As gay forces mobilize in the fight for marriage equality (or as we like to refer to it, civil unions for all), there seem to be practical implications to the sadly straight state of American literature in 2008, namely in the startling lack of stories (by which we mean the literary fictive kind) upon which this movement can turn for solace and inspiration; where, for example, is our James Baldwin? Sure, there are big gay filmmakers on the cultural landscape, but isn’t there something a little unsettling about throwing money at an industry where out gays cannot be considered for leading roles? Where we have to rely on Sean Penn — who omg was willing to “play gay” — for distribution? Whatever the case with movies, the desperate fervor with which these crumbs are gulped down by the gays suggests a strong demand that is largely unmet in the literary context.

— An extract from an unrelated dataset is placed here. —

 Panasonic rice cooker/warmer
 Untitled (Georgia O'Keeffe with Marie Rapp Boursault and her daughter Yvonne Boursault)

Moreover, what books offer that movies do not is the ability to present characters as multifaceted, complex distillations (or reflections) of the kind of people we meet in the real world, i.e., those who do not conform to stereotype and generalization. Relevantly, this includes depictions of gay sex! Because high-minded notions of equality to the side, it’s also important for some significant percentage of the population — i.e., certainly more than could be said to exist now — to understand that cocksucking and assfucking (and whatever gay ladies do) are — or can be — equally valid means of sexual expression, as much as anything our straight peers might want to entertain among themselves, even if it leads to procreation. Bottom line: to be successful politically, we gays need to fight the “ew” factor, and having straights pretend on film is more of a disorienting spectacle than an honest depiction of this fairly serious aspect of our humanity (i.e., something that both separates us and brings us together, to be kind of “Hallmarky” about it!).

Except all of that said — and most depressing of all for us to consider — we have no obvious candidates for inclusion on the sad NYT “notably straight” list. It’s not like we’re outraged that ______, the new novel by _______, in which issues of gay identity are eloquently explored in the context of ______, was left off the list. (But if we’re missing something here — and it’s possible, because we’re not professional critics — please let us know!) The point it, it seems like a ridiculous state of affairs that there are not at least a handful to pick from every year, and we find the absence of gays no less startling that we would if the same were true of women or ethnic minorities. Until we see these books written and accepted (i.e., both critically acclaimed and commercially successful), and in a consistent, regular manner, there will continue to be a somewhat grotesque quality to how we’re viewed by those on whose good will (at least in part) we depend for the political reform we seek.